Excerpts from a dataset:
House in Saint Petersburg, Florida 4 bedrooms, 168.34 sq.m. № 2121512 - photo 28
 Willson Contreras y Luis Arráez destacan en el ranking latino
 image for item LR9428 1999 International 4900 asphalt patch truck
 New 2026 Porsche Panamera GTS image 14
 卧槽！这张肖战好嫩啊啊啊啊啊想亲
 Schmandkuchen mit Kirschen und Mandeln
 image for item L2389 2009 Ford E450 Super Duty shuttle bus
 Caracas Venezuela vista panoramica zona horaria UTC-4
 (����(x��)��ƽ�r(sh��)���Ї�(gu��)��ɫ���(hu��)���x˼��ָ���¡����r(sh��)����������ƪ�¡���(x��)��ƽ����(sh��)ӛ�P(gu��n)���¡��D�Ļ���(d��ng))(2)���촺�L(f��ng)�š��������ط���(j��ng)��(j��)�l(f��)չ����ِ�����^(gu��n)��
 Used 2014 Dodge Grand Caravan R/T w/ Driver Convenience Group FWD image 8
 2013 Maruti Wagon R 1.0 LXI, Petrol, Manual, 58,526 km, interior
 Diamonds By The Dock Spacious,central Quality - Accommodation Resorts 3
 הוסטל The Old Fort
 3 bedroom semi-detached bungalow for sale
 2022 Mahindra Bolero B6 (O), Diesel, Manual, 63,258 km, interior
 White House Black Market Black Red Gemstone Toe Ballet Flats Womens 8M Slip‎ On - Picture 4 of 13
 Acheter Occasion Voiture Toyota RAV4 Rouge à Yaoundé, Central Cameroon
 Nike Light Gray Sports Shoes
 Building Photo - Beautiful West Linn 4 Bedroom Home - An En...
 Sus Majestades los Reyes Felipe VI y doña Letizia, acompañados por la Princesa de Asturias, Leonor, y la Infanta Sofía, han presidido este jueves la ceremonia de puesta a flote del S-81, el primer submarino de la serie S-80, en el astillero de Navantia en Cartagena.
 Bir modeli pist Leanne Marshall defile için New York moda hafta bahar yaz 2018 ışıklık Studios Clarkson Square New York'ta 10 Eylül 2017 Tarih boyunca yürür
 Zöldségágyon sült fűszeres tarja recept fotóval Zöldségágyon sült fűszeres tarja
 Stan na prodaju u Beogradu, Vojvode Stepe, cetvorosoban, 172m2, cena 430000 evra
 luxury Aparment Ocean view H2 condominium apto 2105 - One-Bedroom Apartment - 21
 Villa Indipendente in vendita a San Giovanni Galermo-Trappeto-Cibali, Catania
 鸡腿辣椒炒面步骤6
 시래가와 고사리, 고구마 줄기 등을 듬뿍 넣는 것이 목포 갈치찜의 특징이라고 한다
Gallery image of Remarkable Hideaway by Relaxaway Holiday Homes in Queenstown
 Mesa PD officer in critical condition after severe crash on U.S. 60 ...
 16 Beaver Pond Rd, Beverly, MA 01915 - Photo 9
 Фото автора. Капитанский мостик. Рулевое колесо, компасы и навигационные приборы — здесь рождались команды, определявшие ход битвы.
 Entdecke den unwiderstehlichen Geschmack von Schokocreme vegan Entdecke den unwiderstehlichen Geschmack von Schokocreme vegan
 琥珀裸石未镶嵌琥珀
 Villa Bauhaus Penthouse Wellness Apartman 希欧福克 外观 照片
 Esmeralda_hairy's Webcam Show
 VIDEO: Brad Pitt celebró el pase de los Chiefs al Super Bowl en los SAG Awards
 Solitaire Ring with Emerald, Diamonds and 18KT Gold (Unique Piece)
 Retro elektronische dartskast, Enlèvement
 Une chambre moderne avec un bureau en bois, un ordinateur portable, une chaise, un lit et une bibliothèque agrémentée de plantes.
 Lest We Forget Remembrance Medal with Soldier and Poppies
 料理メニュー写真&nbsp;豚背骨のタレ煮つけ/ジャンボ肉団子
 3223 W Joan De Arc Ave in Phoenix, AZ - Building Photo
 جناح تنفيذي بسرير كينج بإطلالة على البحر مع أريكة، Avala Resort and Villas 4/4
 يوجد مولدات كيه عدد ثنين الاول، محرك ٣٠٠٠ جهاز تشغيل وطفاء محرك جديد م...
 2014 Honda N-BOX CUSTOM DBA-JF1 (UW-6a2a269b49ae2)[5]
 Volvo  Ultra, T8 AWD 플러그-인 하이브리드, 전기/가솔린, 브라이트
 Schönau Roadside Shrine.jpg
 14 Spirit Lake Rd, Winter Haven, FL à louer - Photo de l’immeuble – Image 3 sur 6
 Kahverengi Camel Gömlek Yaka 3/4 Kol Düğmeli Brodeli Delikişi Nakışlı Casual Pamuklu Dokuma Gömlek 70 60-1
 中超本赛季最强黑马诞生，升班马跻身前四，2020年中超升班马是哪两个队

What you have to do =>
Would you print all of the entries exactly as they stand?

Response below =>
House in Saint Petersburg, Florida 4 bedrooms, 168.34 sq.m. № 2121512 - photo 28
 Willson Contreras y Luis Arráez destacan en el ranking latino
 image for item LR9428 1999 International 4900 asphalt patch truck
 New 2026 Porsche Panamera GTS image 14
 卧槽！这张肖战好嫩啊啊啊啊啊想亲
 Schmandkuchen mit Kirschen und Mandeln
 image for item L2389 2009 Ford E450 Super Duty shuttle bus
 Caracas Venezuela vista panoramica zona horaria UTC-4
 (����(x��)��ƽ�r(sh��)���Ї�(gu��)��ɫ���(hu��)���x˼��ָ���¡����r(sh��)����������ƪ�¡���(x��)��ƽ����(sh��)ӛ�P(gu��n)���¡��D�Ļ���(d��ng))(2)���촺�L(f��ng)�š��������ط���(j��ng)��(j��)�l(f��)չ����ِ�����^(gu��n)��
 Used 2014 Dodge Grand Caravan R/T w/ Driver Convenience Group FWD image 8
 2013 Maruti Wagon R 1.0 LXI, Petrol, Manual, 58,526 km, interior
 Diamonds By The Dock Spacious,central Quality - Accommodation Resorts 3
 הוסטל The Old Fort
 3 bedroom semi-detached bungalow for sale
 2022 Mahindra Bolero B6 (O), Diesel, Manual, 63,258 km, interior
 White House Black Market Black Red Gemstone Toe Ballet Flats Womens 8M Slip‎ On - Picture 4 of 13
 Acheter Occasion Voiture Toyota RAV4 Rouge à Yaoundé, Central Cameroon
 Nike Light Gray Sports Shoes
 Building Photo - Beautiful West Linn 4 Bedroom Home - An En...
 Sus Majestades los Reyes Felipe VI y doña Letizia, acompañados por la Princesa de Asturias, Leonor, y la Infanta Sofía, han presidido este jueves la ceremonia de puesta a flote del S-81, el primer submarino de la serie S-80, en el astillero de Navantia en Cartagena.
 Bir modeli pist Leanne Marshall defile için New York moda hafta bahar yaz 2018 ışıklık Studios Clarkson Square New York'ta 10 Eylül 2017 Tarih boyunca yürür
 Zöldségágyon sült fűszeres tarja recept fotóval Zöldségágyon sült fűszeres tarja
 Stan na prodaju u Beogradu, Vojvode Stepe, cetvorosoban, 172m2, cena 430000 evra
 luxury Aparment Ocean view H2 condominium apto 2105 - One-Bedroom Apartment - 21
 Villa Indipendente in vendita a San Giovanni Galermo-Trappeto-Cibali, Catania
 鸡腿辣椒炒面步骤6
 시래가와 고사리, 고구마 줄기 등을 듬뿍 넣는 것이 목포 갈치찜의 특징이라고 한다
Gallery image of Remarkable Hideaway by Relaxaway Holiday Homes in Queenstown
 Mesa PD officer in critical condition after severe crash on U.S. 60 ...
 16 Beaver Pond Rd, Beverly, MA 01915 - Photo 9
 Фото автора. Капитанский мостик. Рулевое колесо, компасы и навигационные приборы — здесь рождались команды, определявшие ход битвы.
 Entdecke den unwiderstehlichen Geschmack von Schokocreme vegan Entdecke den unwiderstehlichen Geschmack von Schokocreme vegan
 琥珀裸石未镶嵌琥珀
 Villa Bauhaus Penthouse Wellness Apartman 希欧福克 外观 照片
 Esmeralda_hairy's Webcam Show
 VIDEO: Brad Pitt celebró el pase de los Chiefs al Super Bowl en los SAG Awards
 Solitaire Ring with Emerald, Diamonds and 18KT Gold (Unique Piece)
 Retro elektronische dartskast, Enlèvement
 Une chambre moderne avec un bureau en bois, un ordinateur portable, une chaise, un lit et une bibliothèque agrémentée de plantes.
 Lest We Forget Remembrance Medal with Soldier and Poppies
 料理メニュー写真&nbsp;豚背骨のタレ煮つけ/ジャンボ肉団子
 3223 W Joan De Arc Ave in Phoenix, AZ - Building Photo
 جناح تنفيذي بسرير كينج بإطلالة على البحر مع أريكة، Avala Resort and Villas 4/4
 يوجد مولدات كيه عدد ثنين الاول، محرك ٣٠٠٠ جهاز تشغيل وطفاء محرك جديد م...
 2014 Honda N-BOX CUSTOM DBA-JF1 (UW-6a2a269b49ae2)[5]
 Volvo  Ultra, T8 AWD 플러그-인 하이브리드, 전기/가솔린, 브라이트
 Schönau Roadside Shrine.jpg
 14 Spirit Lake Rd, Winter Haven, FL à louer - Photo de l’immeuble – Image 3 sur 6
 Kahverengi Camel Gömlek Yaka 3/4 Kol Düğmeli Brodeli Delikişi Nakışlı Casual Pamuklu Dokuma Gömlek 70 60-1
 中超本赛季最强黑马诞生，升班马跻身前四，2020年中超升班马是哪两个队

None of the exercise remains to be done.